== RECORDS TO PROCESS
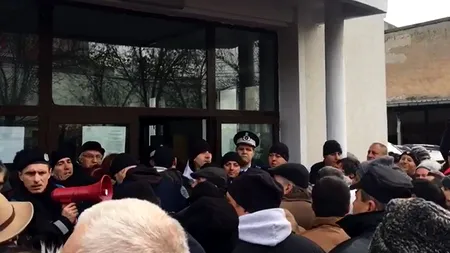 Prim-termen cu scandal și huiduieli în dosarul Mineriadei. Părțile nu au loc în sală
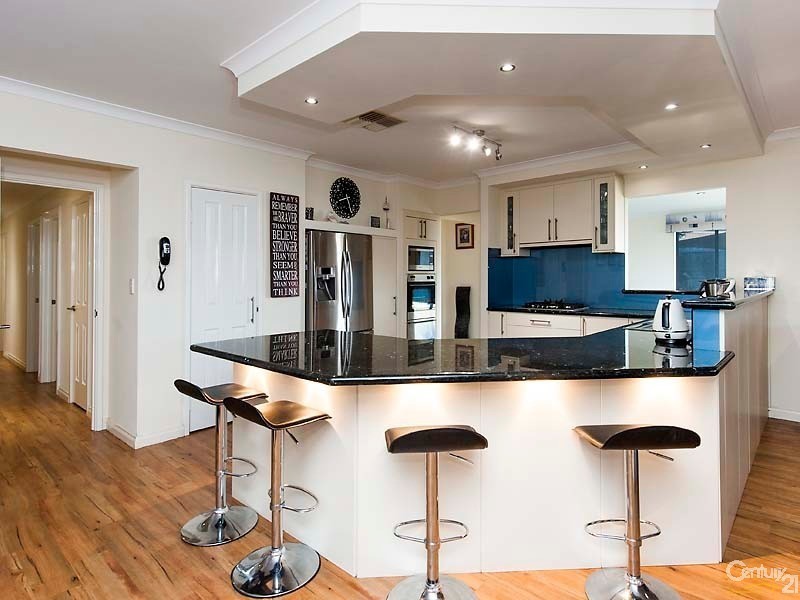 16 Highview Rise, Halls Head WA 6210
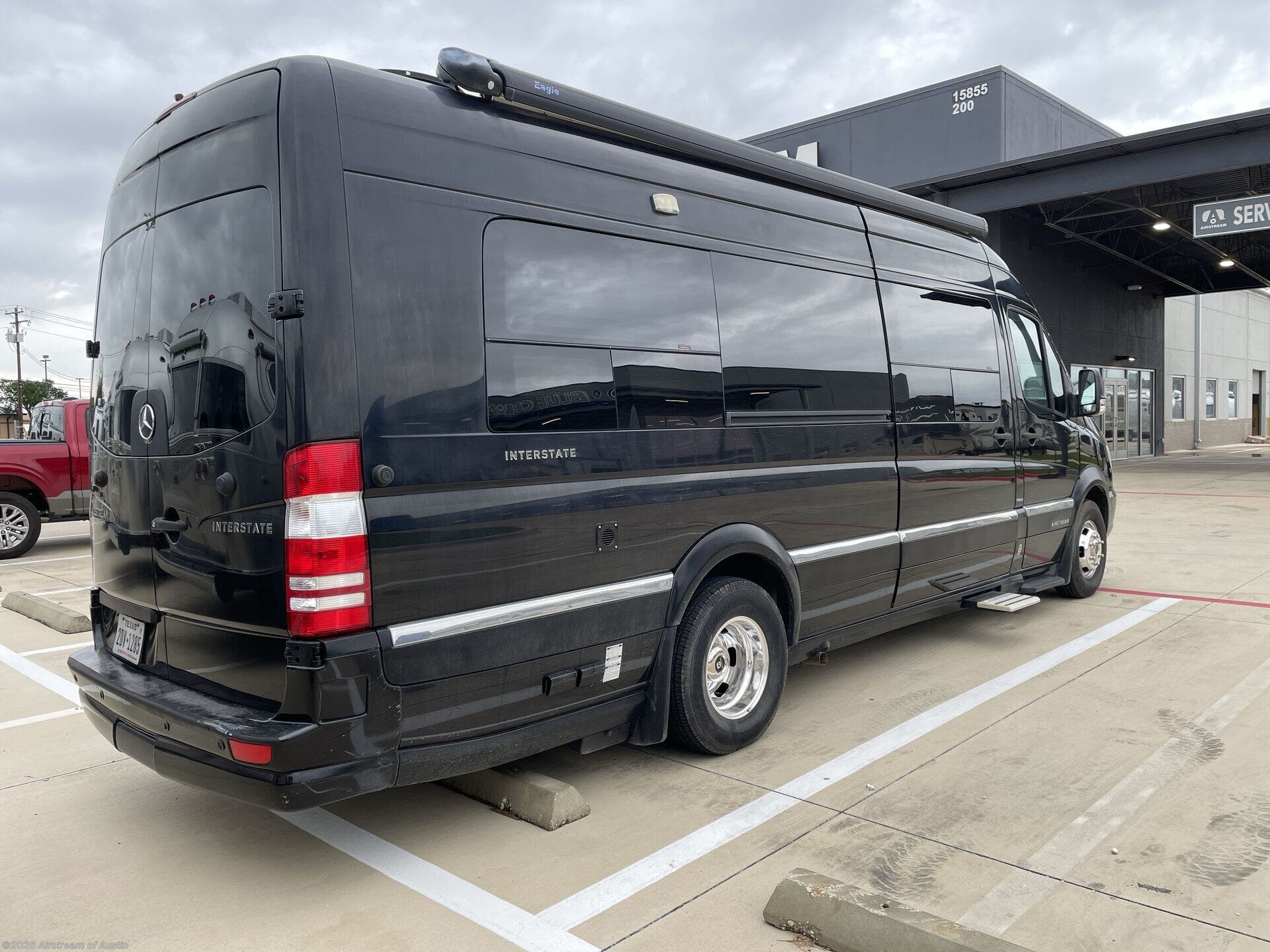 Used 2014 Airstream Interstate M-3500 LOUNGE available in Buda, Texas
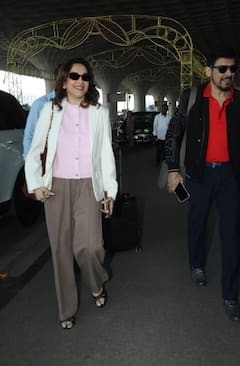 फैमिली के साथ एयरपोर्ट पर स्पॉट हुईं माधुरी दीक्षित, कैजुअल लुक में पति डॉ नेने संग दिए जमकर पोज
====
== RECORDS TO PROCESS
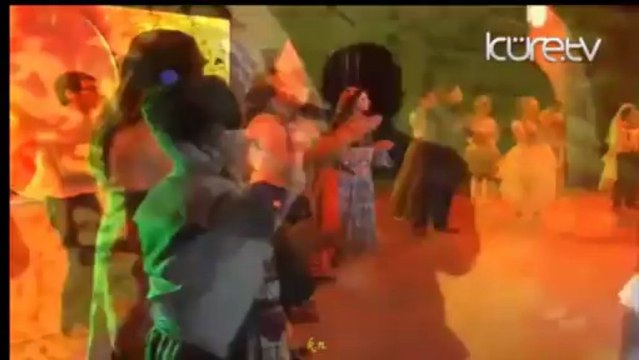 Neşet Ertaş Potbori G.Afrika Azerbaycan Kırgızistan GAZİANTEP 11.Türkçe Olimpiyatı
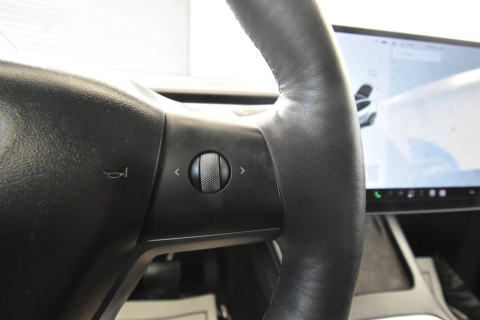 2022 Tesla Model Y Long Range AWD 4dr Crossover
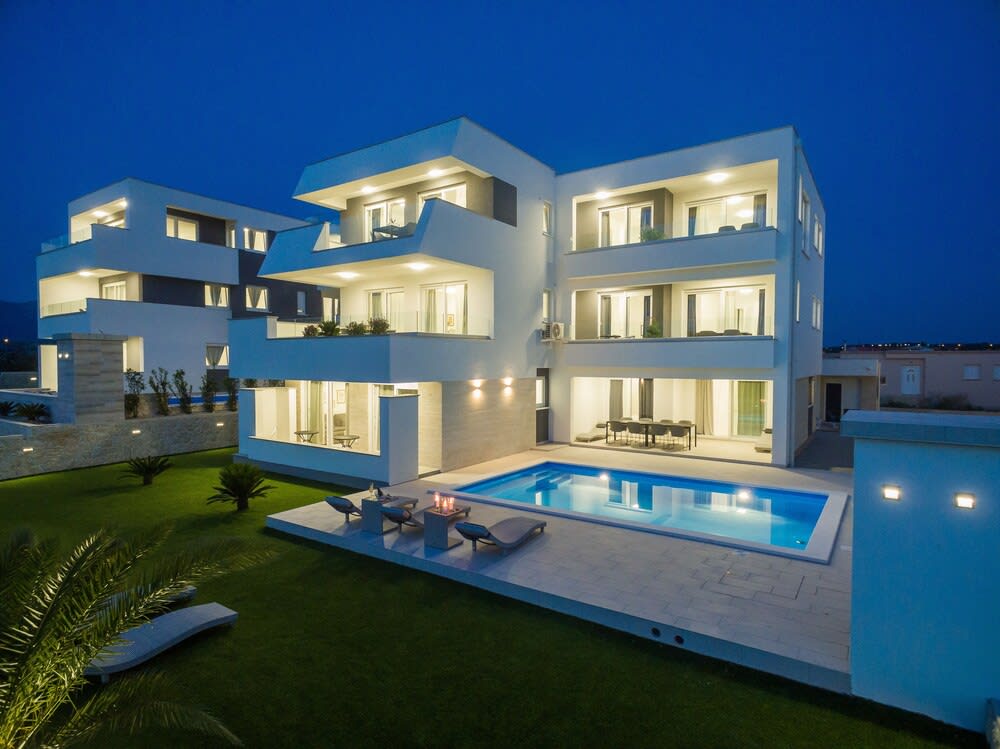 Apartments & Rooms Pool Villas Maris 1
====
| TASK GOAL |
Take only the lines above from the one that has "16 Highview Rise, Halls Head WA 6210" through the one that has "फैमिली के साथ" and reproduce them exactly, omitting any pictures.

| ANSWER FOR THIS EXERCISE |
 16 Highview Rise, Halls Head WA 6210
 Used 2014 Airstream Interstate M-3500 LOUNGE available in Buda, Texas
 फैमिली के साथ एयरपोर्ट पर स्पॉट हुईं माधुरी दीक्षित, कैजुअल लुक में पति डॉ नेने संग दिए जमकर पोज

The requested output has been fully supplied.